1.1 Motivation and Context

Modern heterogeneous computing systems combine general-purpose CPUs with massively parallel accelerators such as GPUs. Traditional programming models require explicit data transfers between host (CPU) and device (GPU) memory spaces, introducing significant latency and bandwidth overhead. The emergence of cache-coherent unified memory architectures, exemplified by the NVIDIA Grace-Blackwell GB10 System-on-Chip, enables a paradigm shift toward zero-copy data sharing between processors.

The GB10 platform integrates a 20-core ARM Grace CPU (heterogeneous big.LITTLE configuration) with a Blackwell GPU, connected via NVLink-C2C providing 900 GB/s bidirectional bandwidth to a shared 128GB LPDDR5X memory pool. This architectural advancement necessitates new software design patterns that fully exploit cache coherence while maintaining correct memory ordering semantics.

1.2 Problem Statement

Efficient CPU-GPU collaboration requires solving three fundamental challenges:

  1. Ownership Management: At any instant, a shared memory region must have a clearly defined owner (CPU or GPU) to prevent data races.

  2. Synchronization Overhead: Traditional synchronization mechanisms (CUDA events, stream synchronization) introduce microsecond-scale latencies inappropriate for fine-grained pipelines.

  3. Cache Coherence Exploitation: Unified memory systems require explicit memory barriers to ensure visibility of writes across processor boundaries.

1.3 Contributions

This work introduces:

  • A five-state finite automaton for deterministic buffer ownership transitions

  • Two synchronization policies: host-orchestrated (EventsSync) and device-autonomous (AtomicsSync)
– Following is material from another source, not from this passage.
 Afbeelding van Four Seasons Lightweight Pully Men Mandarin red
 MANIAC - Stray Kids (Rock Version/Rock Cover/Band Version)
  • A persistent kernel architecture with lock-free SPMC (Single-Producer Multi-Consumer) job queue

  • Memory layout optimizations eliminating false sharing between metadata and payload

  • Algorithmic specifications for ARM big.LITTLE task scheduling

2. System Architecture Overview

2.1 Target Platform: NVIDIA GB10 Grace-Blackwell

2.2 High-Level Component Architecture

The library comprises five principal abstractions:

| Component | Responsibility |

| ------------------- | --------------------------------------------------------- |

| SharedAllocator | Unified memory allocation (cudaMallocManaged) |

| BufferPool | Pre-allocated buffer management with state tracking |

| SyncPolicy | Pluggable synchronization strategy interface |

| JobQueue | Lock-free ring buffer for persistent kernel communication |

| Pipeline | Unified API orchestrating all components |

3. Buffer Management and State Machine

3.1 Memory Layout Design

A critical design decision separates metadata from payload to eliminate false sharing. Cache line invalidations caused by metadata updates (state transitions, sequence counters) must not affect data cachelines being read or written.

Alignment Rationale:

  • 128-byte metadata alignment matches GPU L2 cache sector size

  • 256-byte data alignment ensures coalesced GPU memory access

  • Separation guarantees that `state` and `seq_*` fields reside in distinct cachelines from payload

3.2 Buffer Metadata Structure

Each buffer carries associated metadata for synchronization:

| Field | Type | Purpose |

|-------------|-----------------|----------------------------------------------------|

| `state` | atomic<uint32_t> | Current state in the finite automaton |

| `seq_ready` | atomic<uint64_t> | Monotonic counter incremented when CPU commits |

| `seq_done` | atomic<uint64_t> | Monotonic counter incremented when GPU completes |

| `bytes_valid` | atomic<uint32_t> | Actual payload size for current job |

3.3 Five-State Finite Automaton

Buffer ownership transitions follow a deterministic finite state machine:

State Transition Rules:

| Transition | Actor | Precondition | Memory Ordering |

|------------------|-------|--------------------------------|-----------------|

| FREE -> WRITING | CPU | CAS(state, FREE\|DONE, WRITING) | acquire-release |

| WRITING -> READY | CPU | After data write completion | release |

| READY -> COMPUTE | GPU | seq_ready observed | acquire |

| COMPUTE -> DONE | GPU | After kernel completion | release |

| DONE -> FREE | CPU | After result consumption | release |

---

4. Synchronization Strategies

4.1 Strategy Comparison

We implement two distinct synchronization paradigms with complementary characteristics:

| Characteristic | EventsSync (V1) | AtomicsSync/Persistent (V2) |

|-----------------------------|---------------------------|------------------------------|

| Kernel launch overhead | Per-job (3-10 us) | Once at startup |

| Synchronization mechanism | CUDA Events + Host callbacks | Atomic flags + polling |

| CPU blocking | Yes (event wait) | Optional (polling) |

| Minimum latency | ~5-10 microseconds | ~0.5-2 microseconds |

| Implementation complexity | Low | High |

| Debugging difficulty | Low | High |

| Resource utilization | Variable SM occupancy | Dedicated SM reservation |

4.2 Event-Based Synchronization (V1)

The event-based strategy uses CUDA's native synchronization primitives:

4.3 Atomic-Based Synchronization with Persistent Kernel (V2)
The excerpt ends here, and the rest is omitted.